Data records ->

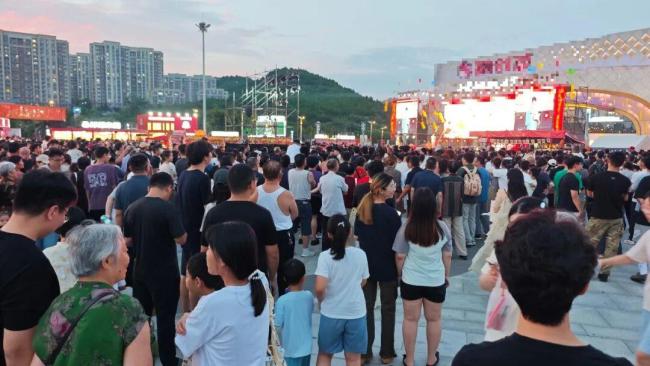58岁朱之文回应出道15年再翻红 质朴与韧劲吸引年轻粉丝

--

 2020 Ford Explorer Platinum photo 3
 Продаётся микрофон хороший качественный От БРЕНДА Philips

Try it ->
Out of the entries above, write out only the lines between the line holding "2020 Ford Explorer Platinum photo 3" and the line holding "Продаётся микрофон хороший", inclusive, each exactly as given.

Result of this exercise ->
 2020 Ford Explorer Platinum photo 3
 Продаётся микрофон хороший качественный От БРЕНДА Philips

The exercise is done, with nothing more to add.